Top of Records

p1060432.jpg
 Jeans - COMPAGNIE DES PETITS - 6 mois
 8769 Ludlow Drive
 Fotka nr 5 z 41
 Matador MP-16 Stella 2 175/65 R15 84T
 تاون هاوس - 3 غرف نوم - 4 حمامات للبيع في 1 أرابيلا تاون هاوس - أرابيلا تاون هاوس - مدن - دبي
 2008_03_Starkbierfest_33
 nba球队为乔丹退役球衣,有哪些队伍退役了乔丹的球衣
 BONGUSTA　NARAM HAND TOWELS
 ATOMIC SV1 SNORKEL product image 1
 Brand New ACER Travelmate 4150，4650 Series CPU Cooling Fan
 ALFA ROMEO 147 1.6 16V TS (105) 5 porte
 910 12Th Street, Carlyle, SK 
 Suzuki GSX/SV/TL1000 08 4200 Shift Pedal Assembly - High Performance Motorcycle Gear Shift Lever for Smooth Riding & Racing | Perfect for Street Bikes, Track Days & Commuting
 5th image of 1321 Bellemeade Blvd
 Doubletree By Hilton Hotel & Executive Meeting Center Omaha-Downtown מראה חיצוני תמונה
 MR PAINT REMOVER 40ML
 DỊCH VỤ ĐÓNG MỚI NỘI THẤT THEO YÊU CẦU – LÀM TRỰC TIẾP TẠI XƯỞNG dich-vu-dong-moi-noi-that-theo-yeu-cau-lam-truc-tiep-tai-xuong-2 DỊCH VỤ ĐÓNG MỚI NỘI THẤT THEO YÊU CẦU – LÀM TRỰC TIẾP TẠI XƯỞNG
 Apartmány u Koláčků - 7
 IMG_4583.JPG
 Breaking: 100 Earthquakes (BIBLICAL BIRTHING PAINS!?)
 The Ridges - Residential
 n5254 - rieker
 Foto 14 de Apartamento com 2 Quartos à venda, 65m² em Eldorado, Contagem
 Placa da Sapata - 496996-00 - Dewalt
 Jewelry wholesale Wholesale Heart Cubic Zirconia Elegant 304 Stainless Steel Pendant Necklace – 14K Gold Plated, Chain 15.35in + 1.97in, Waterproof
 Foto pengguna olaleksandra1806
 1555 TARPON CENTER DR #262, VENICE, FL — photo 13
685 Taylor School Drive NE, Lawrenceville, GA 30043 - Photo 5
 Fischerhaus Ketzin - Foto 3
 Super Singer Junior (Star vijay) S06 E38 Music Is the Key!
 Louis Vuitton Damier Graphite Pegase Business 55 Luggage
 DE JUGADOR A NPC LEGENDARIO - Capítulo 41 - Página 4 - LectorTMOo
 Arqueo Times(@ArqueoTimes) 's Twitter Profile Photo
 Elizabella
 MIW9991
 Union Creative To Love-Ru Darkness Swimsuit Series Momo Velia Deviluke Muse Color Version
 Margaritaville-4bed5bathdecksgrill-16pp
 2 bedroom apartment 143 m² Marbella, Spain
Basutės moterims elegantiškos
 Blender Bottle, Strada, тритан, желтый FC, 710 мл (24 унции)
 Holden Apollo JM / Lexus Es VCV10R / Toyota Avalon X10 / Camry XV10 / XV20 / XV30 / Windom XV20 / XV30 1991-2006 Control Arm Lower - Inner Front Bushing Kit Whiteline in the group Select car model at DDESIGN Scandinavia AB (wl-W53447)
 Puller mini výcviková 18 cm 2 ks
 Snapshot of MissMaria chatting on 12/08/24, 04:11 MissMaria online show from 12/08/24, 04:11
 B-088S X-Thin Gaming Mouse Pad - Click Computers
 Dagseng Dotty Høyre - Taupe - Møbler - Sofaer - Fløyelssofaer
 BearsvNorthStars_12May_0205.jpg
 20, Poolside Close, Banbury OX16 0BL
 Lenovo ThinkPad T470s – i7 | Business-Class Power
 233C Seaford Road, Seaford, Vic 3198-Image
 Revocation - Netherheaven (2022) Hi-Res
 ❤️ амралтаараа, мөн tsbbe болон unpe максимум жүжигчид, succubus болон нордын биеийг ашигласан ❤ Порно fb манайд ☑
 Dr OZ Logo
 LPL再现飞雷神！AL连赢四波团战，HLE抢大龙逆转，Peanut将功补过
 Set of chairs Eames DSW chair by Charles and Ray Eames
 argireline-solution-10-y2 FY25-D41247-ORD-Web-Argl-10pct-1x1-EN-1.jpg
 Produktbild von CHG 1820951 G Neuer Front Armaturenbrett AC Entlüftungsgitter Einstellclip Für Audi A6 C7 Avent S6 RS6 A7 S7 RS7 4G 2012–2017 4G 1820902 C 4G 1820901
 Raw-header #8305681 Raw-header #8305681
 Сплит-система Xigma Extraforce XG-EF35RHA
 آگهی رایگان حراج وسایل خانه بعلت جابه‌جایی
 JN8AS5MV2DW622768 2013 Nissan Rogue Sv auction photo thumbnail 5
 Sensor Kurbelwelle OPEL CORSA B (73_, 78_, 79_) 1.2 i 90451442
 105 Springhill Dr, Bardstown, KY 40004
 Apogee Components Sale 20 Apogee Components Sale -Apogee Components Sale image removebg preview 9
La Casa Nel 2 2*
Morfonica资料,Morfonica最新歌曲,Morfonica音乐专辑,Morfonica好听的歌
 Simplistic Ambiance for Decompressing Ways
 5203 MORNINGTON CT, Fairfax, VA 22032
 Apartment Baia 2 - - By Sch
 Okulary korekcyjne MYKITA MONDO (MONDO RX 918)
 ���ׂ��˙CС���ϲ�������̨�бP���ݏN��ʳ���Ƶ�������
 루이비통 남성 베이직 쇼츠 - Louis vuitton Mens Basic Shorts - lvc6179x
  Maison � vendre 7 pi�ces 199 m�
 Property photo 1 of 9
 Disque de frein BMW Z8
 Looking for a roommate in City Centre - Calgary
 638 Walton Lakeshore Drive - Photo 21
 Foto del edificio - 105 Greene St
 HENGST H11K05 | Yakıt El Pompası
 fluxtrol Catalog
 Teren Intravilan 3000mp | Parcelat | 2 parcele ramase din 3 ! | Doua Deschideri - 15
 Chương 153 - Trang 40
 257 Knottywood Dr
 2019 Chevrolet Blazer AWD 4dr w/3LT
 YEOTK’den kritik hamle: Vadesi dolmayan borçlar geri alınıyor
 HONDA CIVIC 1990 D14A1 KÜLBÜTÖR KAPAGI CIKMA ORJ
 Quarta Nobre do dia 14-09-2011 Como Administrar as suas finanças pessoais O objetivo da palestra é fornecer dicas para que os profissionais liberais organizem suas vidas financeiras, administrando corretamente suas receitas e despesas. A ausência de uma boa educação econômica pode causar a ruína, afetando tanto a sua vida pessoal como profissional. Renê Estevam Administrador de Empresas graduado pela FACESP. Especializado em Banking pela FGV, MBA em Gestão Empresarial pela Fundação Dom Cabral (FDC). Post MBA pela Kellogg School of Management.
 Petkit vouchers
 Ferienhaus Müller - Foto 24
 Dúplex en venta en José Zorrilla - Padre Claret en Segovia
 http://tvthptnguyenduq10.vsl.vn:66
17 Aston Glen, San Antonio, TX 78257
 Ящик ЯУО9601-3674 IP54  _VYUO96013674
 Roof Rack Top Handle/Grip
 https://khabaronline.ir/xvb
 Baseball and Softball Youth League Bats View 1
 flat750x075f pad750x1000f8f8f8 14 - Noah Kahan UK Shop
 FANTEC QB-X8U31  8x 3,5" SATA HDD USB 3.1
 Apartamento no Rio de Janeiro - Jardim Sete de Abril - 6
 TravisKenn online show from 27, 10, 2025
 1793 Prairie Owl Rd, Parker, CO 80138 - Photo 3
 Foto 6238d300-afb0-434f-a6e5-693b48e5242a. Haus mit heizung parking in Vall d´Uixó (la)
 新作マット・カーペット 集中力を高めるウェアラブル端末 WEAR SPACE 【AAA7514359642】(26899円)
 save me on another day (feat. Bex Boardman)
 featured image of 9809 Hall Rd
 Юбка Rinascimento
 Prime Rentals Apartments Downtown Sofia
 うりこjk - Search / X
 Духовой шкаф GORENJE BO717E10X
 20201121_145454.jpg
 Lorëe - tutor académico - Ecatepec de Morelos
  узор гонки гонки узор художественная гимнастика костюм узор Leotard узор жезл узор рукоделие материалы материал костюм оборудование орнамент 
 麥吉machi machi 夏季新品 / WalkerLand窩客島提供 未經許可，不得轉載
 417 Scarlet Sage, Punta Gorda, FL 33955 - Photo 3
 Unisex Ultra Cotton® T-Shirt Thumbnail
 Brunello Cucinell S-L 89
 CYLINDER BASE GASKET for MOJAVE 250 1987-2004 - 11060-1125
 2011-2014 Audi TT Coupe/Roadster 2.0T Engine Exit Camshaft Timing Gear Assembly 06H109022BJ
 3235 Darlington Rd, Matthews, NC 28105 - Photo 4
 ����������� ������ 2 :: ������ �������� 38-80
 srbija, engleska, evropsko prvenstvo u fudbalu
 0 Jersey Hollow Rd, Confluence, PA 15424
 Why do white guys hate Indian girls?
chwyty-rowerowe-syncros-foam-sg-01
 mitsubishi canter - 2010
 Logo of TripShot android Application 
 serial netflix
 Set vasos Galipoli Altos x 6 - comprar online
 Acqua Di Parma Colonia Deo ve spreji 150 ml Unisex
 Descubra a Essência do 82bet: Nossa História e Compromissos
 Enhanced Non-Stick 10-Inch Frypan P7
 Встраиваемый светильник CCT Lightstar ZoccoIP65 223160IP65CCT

Bottom of Records

How to complete this task.
For this task, write out exactly the lines of the entries above, starting at the line with "fb манайд ☑" and ending at the line with "105 Springhill Dr, Bardstown, KY 40004", both included, and no others.

Answer space.
 ❤️ амралтаараа, мөн tsbbe болон unpe максимум жүжигчид, succubus болон нордын биеийг ашигласан ❤ Порно fb манайд ☑
 Dr OZ Logo
 LPL再现飞雷神！AL连赢四波团战，HLE抢大龙逆转，Peanut将功补过
 Set of chairs Eames DSW chair by Charles and Ray Eames
 argireline-solution-10-y2 FY25-D41247-ORD-Web-Argl-10pct-1x1-EN-1.jpg
 Produktbild von CHG 1820951 G Neuer Front Armaturenbrett AC Entlüftungsgitter Einstellclip Für Audi A6 C7 Avent S6 RS6 A7 S7 RS7 4G 2012–2017 4G 1820902 C 4G 1820901
 Raw-header #8305681 Raw-header #8305681
 Сплит-система Xigma Extraforce XG-EF35RHA
 آگهی رایگان حراج وسایل خانه بعلت جابه‌جایی
 JN8AS5MV2DW622768 2013 Nissan Rogue Sv auction photo thumbnail 5
 Sensor Kurbelwelle OPEL CORSA B (73_, 78_, 79_) 1.2 i 90451442
 105 Springhill Dr, Bardstown, KY 40004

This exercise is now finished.